About the only upside of the Android ecosystem was the kernel's license,
forcing kernel drivers to be open-sourced. This allows mainlining back devices
into the Linux tree, which enables a variety of user projects, such as
postmarketos.

On the other hand, some of these drivers already acted as a shim to a
userspace blob, and having an IPC would at least provide isolation from the
blobs themselves, and allow tapping a clear IPC interface for reverse-
engineering those. So all might not be lost.
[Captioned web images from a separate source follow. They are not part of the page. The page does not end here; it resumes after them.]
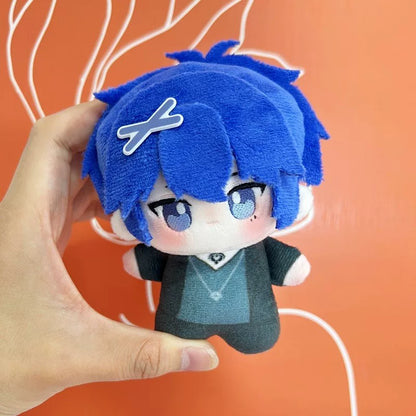 Liu Xiao printed cotton doll with blue hair and dark green outfit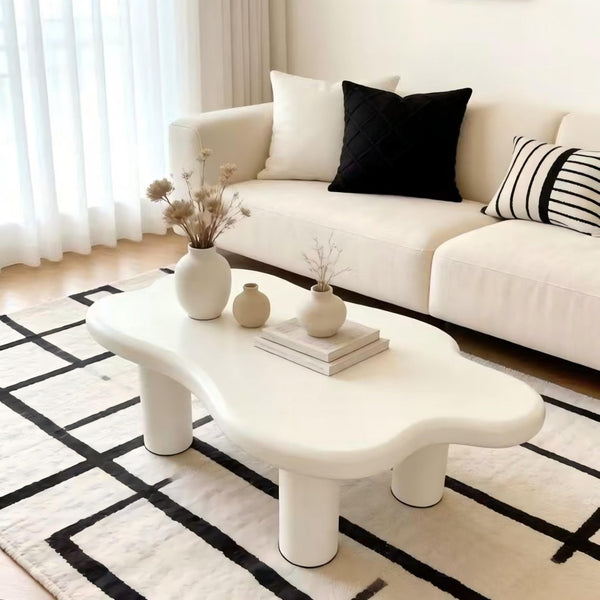 English Elm 40-inch Cloud Shaped Coffee Table Sculptural Mdf Top with Tapered Legs for Living Rooms White W3935S00003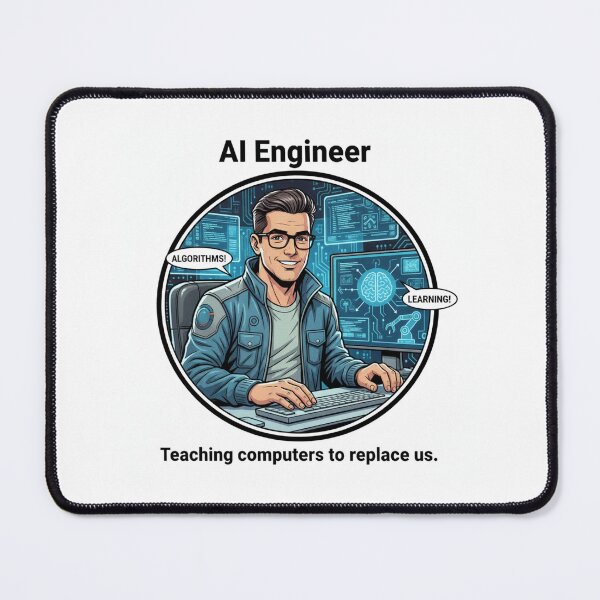 Item preview, AI Engineer job occupation thank you appreciation birthday funny meme designed and sold by CheeseBlueprint.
On the sustainability of open source, since this seems to be debated much in
this thread, I personally think (and it is a debatable viewpoint) that this
ought to be incentivized at a government level (by taxing software/technology
sales, and sponsoring open source projects with the proceeds). This would
provide a much more robust base on which to provide (proprietary if you want)
services upon.

------
rob74
Ah, ok, "introduction" as in "Introduction to Fuchsia OS". Which is
interesting too, but I initially thought that Google is actually introducing
Fuchsia OS now, i.e. presenting plans to replace Android with it. Wishful
thinking ;)

------
Solar19
Any ideas on why they use:

1\. MessagePack (instead of, say, FlatBuffers – am I wrong to think that
FlatBuffers are more efficient? (and the format was created by Google))

2\. ELF binaries (instead of, say, taking a clean-sheet approach to executable
formats)

Also, on ELF they say: "The loading position of the ELF is random and does not
follow the v_addr specified in the ELF program header."

(They're talking about ASLR.) This just highlights for me that a more
efficient format is possible, one that doesn't have a virtual address in its
headers. Perhaps there are even bigger wins possible with a clean-sheet
format.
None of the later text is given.